On October 24, members of the European Union reached agreement on new emissions targets for 2030: 40% cuts to greenhouse gas emissions, 27% target for the renewable energy market share and, an optional target of 27% increase for energy efficiency improvement. The EU is holding up the agreement as a model for other countries in advance of the Paris climate talks of 2015, though like all politically-driven compromises, it has its critics. According to Greenpeace EU: “People across Europe want cleaner energy, but EU leaders are knocking the wind out of Europe’s booming renewables sector”, and from the European Green Party, “It is shameful that the council gave veto power against better goals to Poland on renewables, to France on interconnectors, and to the UK on efficiency. […] We used to have a polluter-pays-principle; now we’ve gotten a polluter-vetos-principle”.
After hard-fought negotiations, the members of the European Union finally agreed on January 22 to a compromise Framework proposal to cut greenhouse gas emissions by 40% by 2030, compared with 1990 levels, and a goal of producing 27% of all energy from renewable sources by 2030. The European carbon emissions trading system (EUTS) will be reformed, and the goal of improving energy efficiency by 25% by 2030 will be an “indicative target”, not legally binding. Fracking will also be governed by non-binding recommendations rather than regulation. Most significantly for Canada, the Fuel Quality Directive will not be renewed after its expiry in 2020 – a move away from the support of biofuels, and which might allow for Alberta oil to enter the European fuel supply chain. The Canadian government has lobbied actively for such a change.
Environmental groups disagree with the positive spin: according to the Friends of the Earth Europe, the negotiators “…seem to have fallen for the old-think industry spin that there must be a trade-off between climate action and economic recovery. This position completely ignores the huge financial cost of dealing with the impacts of climate change and the €500 billion the EU is spending every year on oil and gas imports”. (at: https://www.foeeurope.org/2030_climate_energy_plan_220114). About fracking, the FOE had this to say: “… attempts to regulate the fracking industry have been undermined by heavy corporate lobbying and pressure from certain member states intent on fracking their lands.” … “With the heavy support from José Manuel Barroso, the United Kingdom, Poland, and Romania have all played a leading role in undermining shale gas legislation, with allies Hungary, Lithuania, Czech Republic and Slovakia.” See https://www.foeeurope.org/shale_gas_framework_220114. An article in The Guardian (Jan. 14) offers a detailed analysis of the significant role played by the U.K. to weaken the fracking regulations (see at: http://www.theguardian.com/environment/2014/jan/14/uk-defeats-european-bid-fracking-regulations).

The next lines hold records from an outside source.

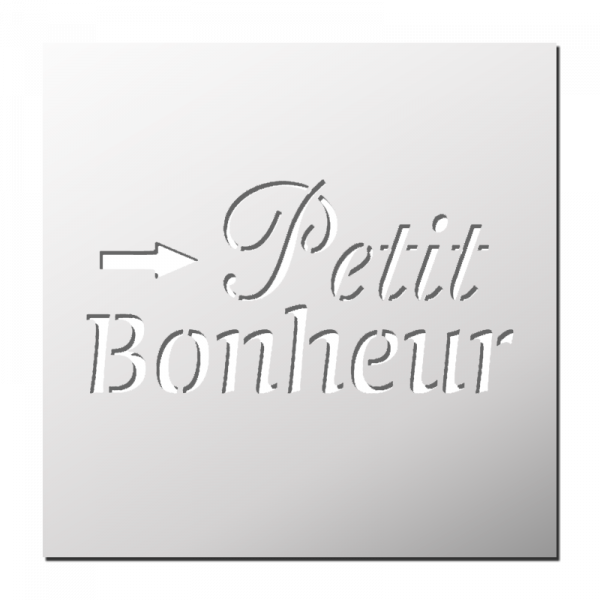 Pochoir Petit Bonheur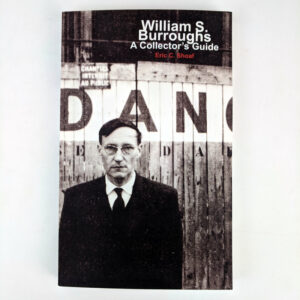 William S. Burroughs: A Collector's Guide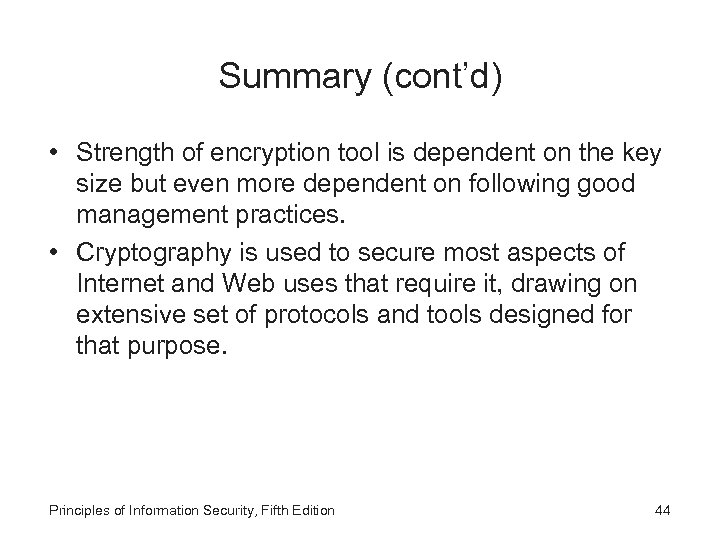 Summary (cont’d) • Strength of encryption tool is dependent on the key size but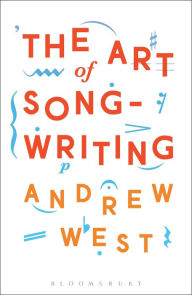 Free ebook download new releases The Art of Songwriting RTF MOBI PDB 9781472527813
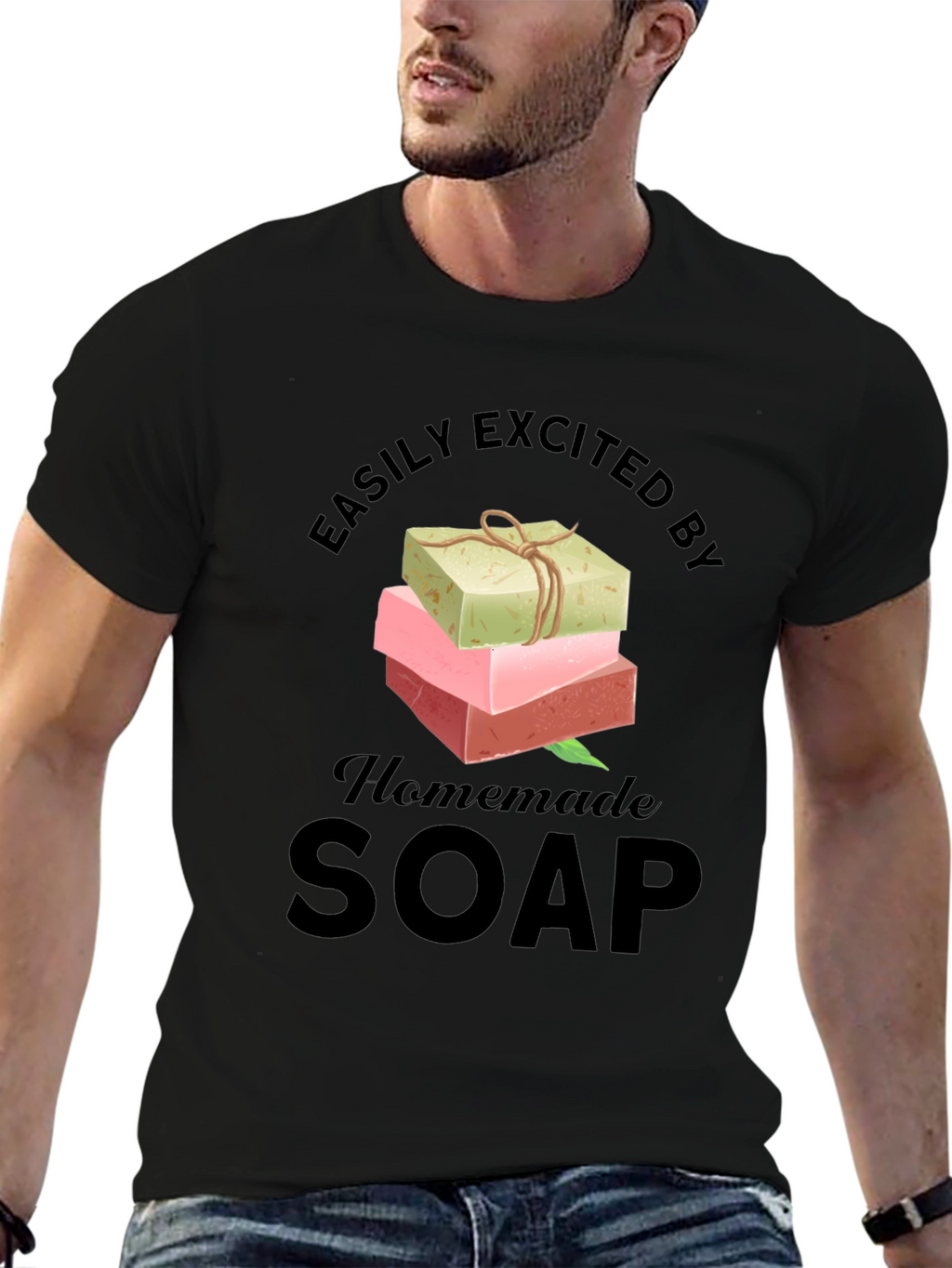 Easily Excited By Homemade Soap T-Shirt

A study commissioned by the European Commission has concluded that Europe’s cap-and-trade program has not caused industry to relocate to countries without greenhouse gas regulation in a process known as “carbon leakage”. In a series of sectoral “factsheets”, the report presents historical data on the structure, performance, and competitiveness of sectors (including iron and steel, chemicals, paper, cement, refined petroleum) and assess the degree to which carbon leakage may have occurred. Although the study found that no companies left Europe for unregulated territory between 2005 and 2012, the authors indicate they suspect this may change.